We as millennials are living in the world of hookups. It feels like it is all about swiping right, finding a FB/FWB and the infamous“Netflix and chill.” Everyone would like to endure the idea of being a free soul but continually obsess over “relationship goals.” For guys, they’d rather have that sense of freedom because the idea of being serious is horrifying to them. Everyone is okay with the lack of commitment in this world but for me, it rubs me the wrong way. So here are 12 reasons why I would say screw it to the hookup culture and why I’d like to be in a committed relationship.
1. I enjoy stability
Right now, I am in my early twenties. I thought I would never say this. I AM IN MY TWENTIES! It’s a horrifying realization when you say it out loud. During this time, a good chunk of my life is a rocky road with things forever changing. Majority of my future journey is weird. So I need someone to be rock for me and with me. Things are getting bumpy and I just need someone to help steady me.
2. Best friends don’t always cut it
I love the friends who are always there to go to dinner with and pull me up when I am down. But I don’t want them to always fill that part of my life. I love their compassion for me but I want someone in my life who I can be intimate with.
3. It’s rare
To me, I never hear anyone say “yeah, me and partner x have been together for six years.” That rarely happens. It’s like love and relationships are slowly but surely going extinct. So for me, I want to be able to be one of the rare ones.
4. I’m mature enough
In the past, I could not deal with listening to another person without turning the conversation about me. I was selfish. I wasn’t ready to have important adult conversations without sounding like a dumb ass. But I am different now. I know what it means to active listen and I know not to laugh at inappropriate times.
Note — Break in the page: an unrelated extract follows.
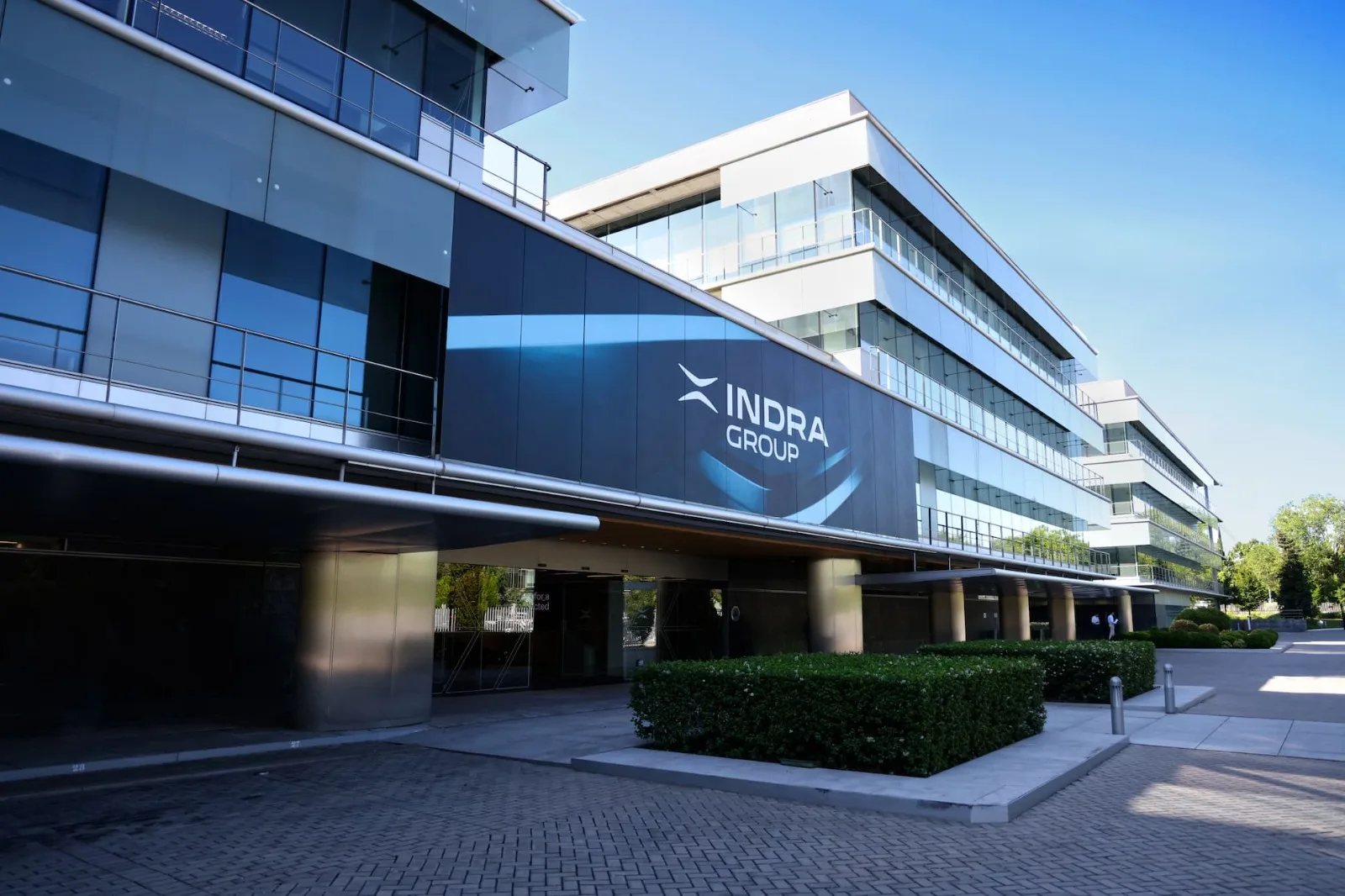 Indra Group vende división de consultoría de negocio de Minsait, a waterland private equity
5. I want some simple romance
Nowadays people think that romance is being able to have grand gestures of love just to prove a point. But that’s not for me. It’s the little things that make my heart soar. And I want that in a real relationship.I want someone to know the little things and I want to know their little things. Knowing one another’s coffee order. Remembering their favorite Chinese takeout place. It’s the small things that count the most.
6. I’m an old soul
You can ask anyone and they would tell you that I’m secretly an 80 year old woman. I love diners, doing crossword puzzles and walking in the park. Sometimes I get tired around 9:30 at night! So sue me! I want someone to be able to accept those old school quirks of mine.
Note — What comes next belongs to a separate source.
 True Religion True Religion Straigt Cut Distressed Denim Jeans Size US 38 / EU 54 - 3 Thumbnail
7. I’d like to be able to talk about the future
I want to be able to say the words “when we do this” instead of “if we do this.” Though my life may be a bit of a mess I want some sort of hope for the future with someone. I want to see them achieve and I want them to be the powerful S.O. behind the powerful woman.8. I would like a safe space
No one ever listened to me about my issues in any of my failed attempts of relationships. I think that when I am in a serious relationship, I would be able to come to this person. And I would want them to be able to come to me.9. I want to share moments with someone
It’s great to do things on your own. But how many times can you do something by yourself? I always want to dive into the unknown. Now, I just want to be able to hold someone’s hand while I do it. If it is possible to see the beauties of the world, why not share it with person who is your world?
10. I deserve it
I am strong enough for this. I know that I am now. From all the hardships that I endured, I deserve date nights and heartfelt conversations.
11. I want to give love to someone who deserves it
We’ve all had different degrees of love in our lifetime. I want to someone to accept the love that I have for them and not string it along. My partner would always have unconditional love. And I know that they would do the same for me.12. I’m done with the heartbreak
Like everyone on this planet, I have had my fair share of breakups mixed with breakdowns. Frankly, I am so over that part of my life. I overcame it and now I am ready for the next chapter of happiness that involves another human being accepting of who I am.